AgentSkillsCN

vllm-ascend-profiler-diff

当您需要比较两个 vLLM-Ascend / torch_npu / Ascend 运行时 Profiler 输出,以定位性能差异或回归问题时,可使用此技能。当用户提供了两个 ASCEND_PROFILER_OUTPUT 目录,并需要对预填充/解码阶段、内核/操作的差异、Host/同步行为、追踪分布,或可选的源码/PR 归属进行分析时,此技能尤为适用。

SKILL.md
--- frontmatter
name: vllm-ascend-profiler-diff
description: >-
  Use when comparing two vLLM-Ascend / torch_npu / Ascend runtime Profiler outputs to locate performance differences or regressions.
  Applies when the user provides two ASCEND_PROFILER_OUTPUT directories and needs analysis across prefill/decoding, kernel/op deltas,
  Host/sync behavior, trace distribution, or optional source/PR attribution.
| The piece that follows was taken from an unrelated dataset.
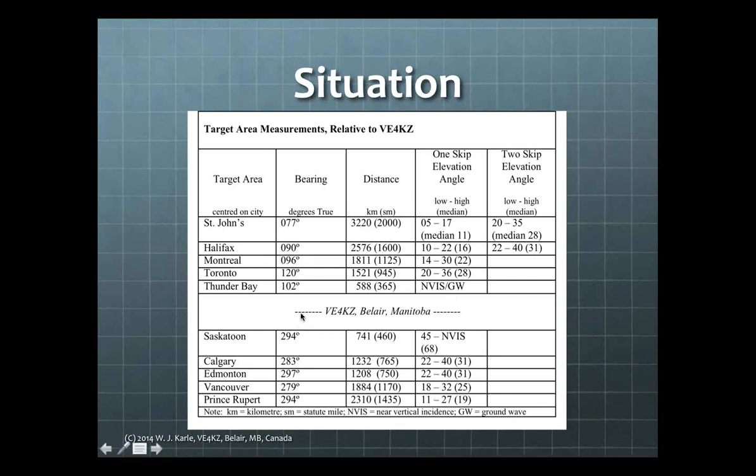Going west: Prince Rupert, British Columbia bears about 294 degrees true at 2,300 km; radiation angle 11 to 27 degrees, median 19. Calgary and Saskatoon in Saskatchewan are closer, at about 741 km, requiring elevation angles approaching 45 to nearly straight up — about 68 degrees for a one-skip into Saskatoon.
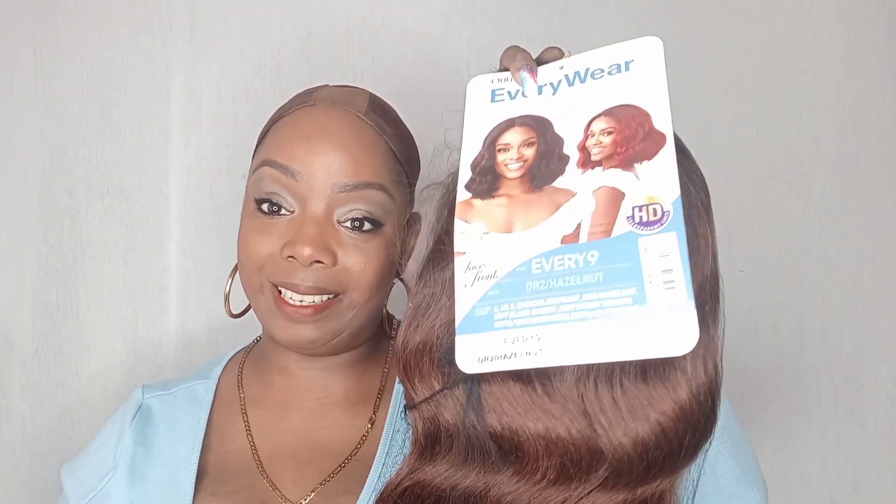I have her in an Everwear nine in a DR2 Hazelnut. I'm very attracted to reds — hazelnuts, all of that — that's what I keep reaching for. I need to remind myself to stop reaching for the same color. It comes in an assortment of colors: chocolate frost, DR Hazelnut, DRFF Black Cherry, DRFF Honey Brown, Cinnamon Spice, and Champagne.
vLLM-Ascend Profiler Diff Workflow

Overview

This skill provides a structured workflow to compare two Ascend Profiler runs, quantify performance deltas, and optionally trace findings back to source and PRs. Conclusions should be driven by aligned evidence across multiple dimensions.

Required Inputs

  • Profile A directory (baseline): ASCEND_PROFILER_OUTPUT path
  • Profile B directory (regression): ASCEND_PROFILER_OUTPUT path

Optional Inputs (Strongly Recommended)

  • Benchmark JSON A/B (throughput, TTFT, TPOT alignment)
  • Source repo path (vLLM-Ascend) for git blame attribution
  • A/B version tags/commits

Workflow (Execute in Order)

1) Directory Sanity Check

Verify each profile directory contains (note any missing):

  • step_trace_time.csv
  • op_statistic.csv
  • api_statistic.csv
  • kernel_details.csv (or equivalent)
  • operator_details.csv (if PyTorch op stats exist)
  • trace_view.json (may be large)

Output a presence table for A/B and whether deeper analysis is possible.

2) Overall Metrics Alignment

If benchmark JSON is provided, extract and compare:

  • Throughput (tokens/s or req/s)
  • TTFT (time to first token)
  • TPOT (time per output token)

State whether the regression appears mainly in prefill or decode.

If benchmark JSON is not provided, use step-level timing trends from step_trace_time.csv for a directional judgment.

3) Stage-Level Attribution

From step_trace_time.csv, compare stage breakdowns:

  • Computing
  • Free (Host wait)
  • Communication/Memcpy/Stage fields if present

Provide A/B totals and an evidence-based conclusion.

4) Kernel/Op Dimension

From op_statistic.csv and kernel_details.csv:

  • List TopN by total time, call count, and average time
  • Compare new hotspots or large deltas on shared items
  • Relate changes to stage-level shifts where possible

Provide a data-backed assessment of whether kernel/op shifts contribute to the regression.

5) API Dimension

From api_statistic.csv, compare A/B across dimensions:

  • TopN APIs (total time, count, average)
  • Newly appearing or significantly changed APIs
  • Alignment with stage-level changes (Computing/Free/Communication, etc.)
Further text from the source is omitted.